When it comes to blanketing practices there is not a “one size fits all” approach. Ultimately, the decision to blanket will depend on the individual horse and your management style. With that in mind, there are some key things to consider in your situation.
A horse’s winter hair coat continues to grow as the number of daylight hours declines. The hair coat naturally insulates the horse by trapping and warming air around the horse. When the hair coat is flattened, wet, or muddy it loses its insulating value. Therefore, a blanket is warranted if your horses are standing in the rain during cold weather and do not have access to shelter. In your situation, shelter access is provided even if the horses choose not to use it. Thus, a blanket or sheet is not necessary but can be used if you prefer. While a sheet can keep the rain off your horse, remember that a sheet has little to no insulating value. For reference, horses with a summer hair coat can maintain their body temperature until air temperatures fall below 41°F. Thus, a lightweight, turnout blanket may be a better option for shedding the rain while warming your horse during fall weather.

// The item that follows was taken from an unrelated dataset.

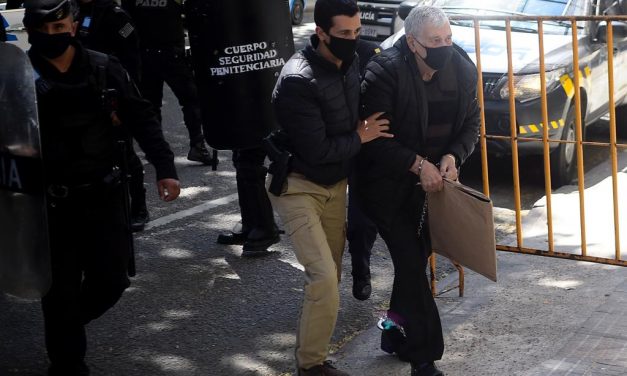 Declaró Gilberto Vázquez por caso Julien y alegó estar «confundido y olvidado» de sus declaraciones en 2010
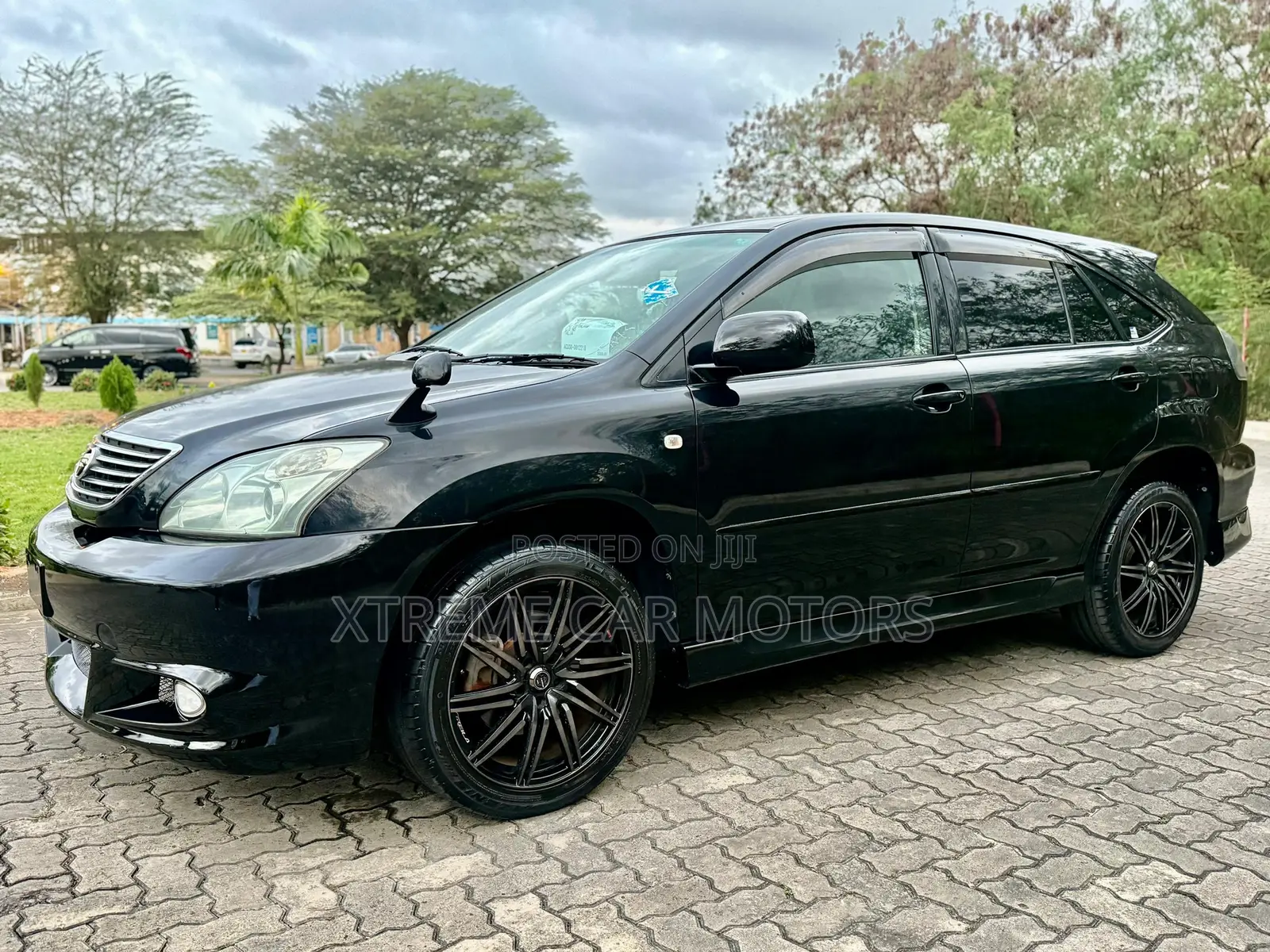 Toyota Harrier 2004 Black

Using a sheet or lightweight blanket on rainy fall days will likely not affect your horse’s hair coat going into winter. A recent study demonstrated that blanketed and nonblanketed horses had similar hair growth patterns over winter (October to March). Hair length and diameter on the hindquarters were comparable between blanketed and nonblanketed horses. However, hair length on the neck (not covered by the blanket) was shorter for blanketed horses than nonblanketed horses in January and February. Further research is needed to explore the effects of short-term or intermittent blanket use during fall or winter months.